Yesterday, I had a drainage/irrigation contractor come to the house to assess the lay of the land so we can come up with a solution for my standing water. After looking things over, we determined that it would be prudent to put catch basins in the low areas, rather than regrade the whole lot or install french drains, since I don't have much of a natural fall of the lot to move the water one way or the other. It's going to be directed more toward capturing what falls on the roof and the ground and moving it off of the lot. The plan is to also get gutters installed and tie those into the drain lines from the catch basins.

He looked at my neighbor's house to the South, and said that if he could get them to put gutters on the North side of their house in to catch their water, and tie it into the drain that would run down the swale that it would help out my front yard as well. Fortunately my neighbors, the contractor and I all agree that would be a good solution. They're receptive to entertaining a quote for tying into the drainage and gutters, because their yard is almost as bad as mine. They've got a river going through their front yard when the water from the street flows over the curb, and the back yard is catching all of the runoff of their roof as well.

I was told it would be a month before they could do the install if they put me on the schedule, which would put the install before the height of hurricane season, but the gutter guy is supposed to be here at 8AM to look at my place for an estimate. It would give the grass some time to grow in, but I'll reseed those areas as well.

I asked him about levelling, and whether or not that would cause any problems, and he said it wouldn't. We're going to be using the lower areas of the yard for collection points, and rather than have the increased cost for materials and labor for the installation of the French Drain, this is a lower cost alternative. I'm all for "buy once, cry once", but I'll defer to the experts in this situation.

I got my second shipment of GCF products in and gave all my potted plants and flowers a dose of the FloraGreene 4-0-2 product. I'm still continuing with the alternate waterings with FertiLome blooming & rooting and plant food along with clear water, just adding this at the 1oz/gal weekly. Let's see what it does; everything is growing very rapidly right now, and the petunias are growing like crazy. I'm thinking they'll take over the whole trough if allowed to, I've had to redirect several of the vines already.


----------



## pennstater2005

Glad to hear you've got a start on this already and that your neighbors were agreeable. Hope your daughter is ok.


----------



## Colonel K0rn

@pennstater2005 thanks, I'm hoping to have this resolved by the end of summer. The forecast doesn't look good for drier weather. The contractor for the drainage install came out today to measure my property and the neighbor's property, and will return tomorrow to shoot the grades to come up with options for his estimate. I got the estimate to install the gutters, and will need to get at least 1-2 more from other contractors.

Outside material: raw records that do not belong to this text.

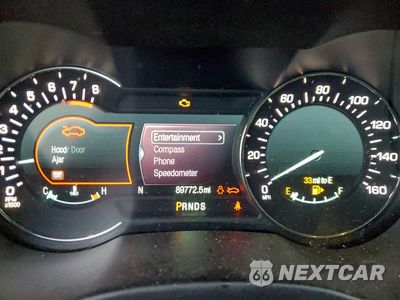 Zdjęcie 9 z 14 samochodu: 2018 LINCOLN MKC PREMIERE VIN:5LMCJ1D94JUL01303 - miniatura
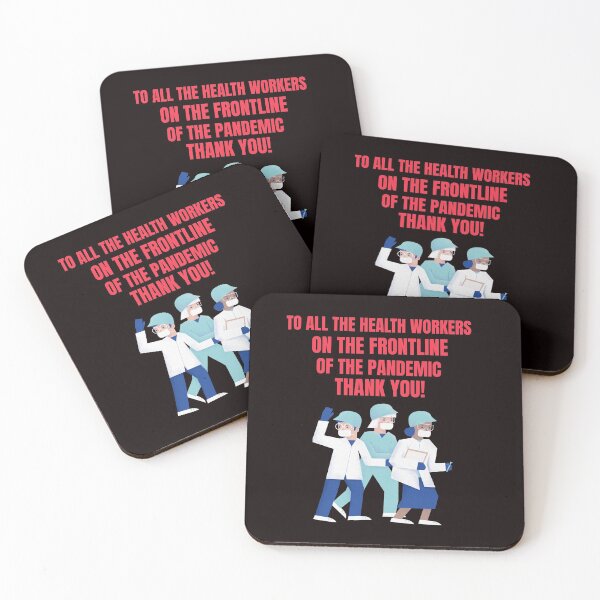 Item preview, Support for All Healthcare Workers. designed and sold by Rell1970.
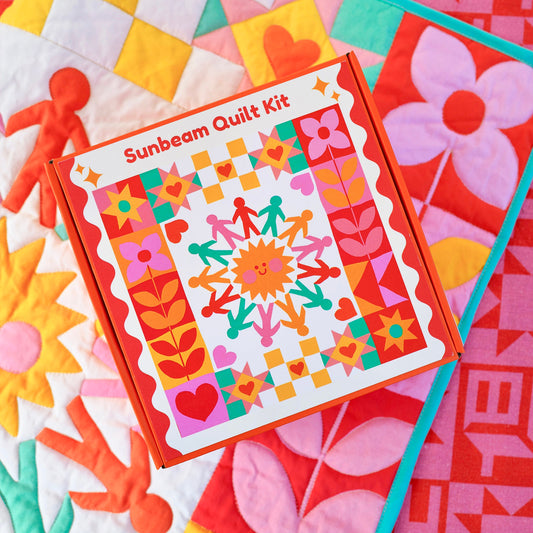 Sunbeam Quilt Kit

While I was waiting for the gutter contractor, I gave the yard a mow, and wasn't sure if the stripes would show up, but as the day wore on, they did. They look much better in person than the picture on my phone. I need to clean my lens or just take my phone out of the case. Knowing that if I do that, I'll likely drop it the way my luck has been running lately.

I'd like to pressure wash the concrete tomorrow, since we're due for rain for the next few days, and I figure if it's going to be crappy, and today was the last day I'll be able to mow for a while, then so be it.

I get encouraged when I look back at the pictures over this year, and really since I did the renovation. It's hard not to be discouraged when you have tadpoles swimming round where you should have grass, but when it finally dries out, it looks good to me. I'll post the usual four shots that I take in the front from today, compared with photos from 1 month ago(5/8/18).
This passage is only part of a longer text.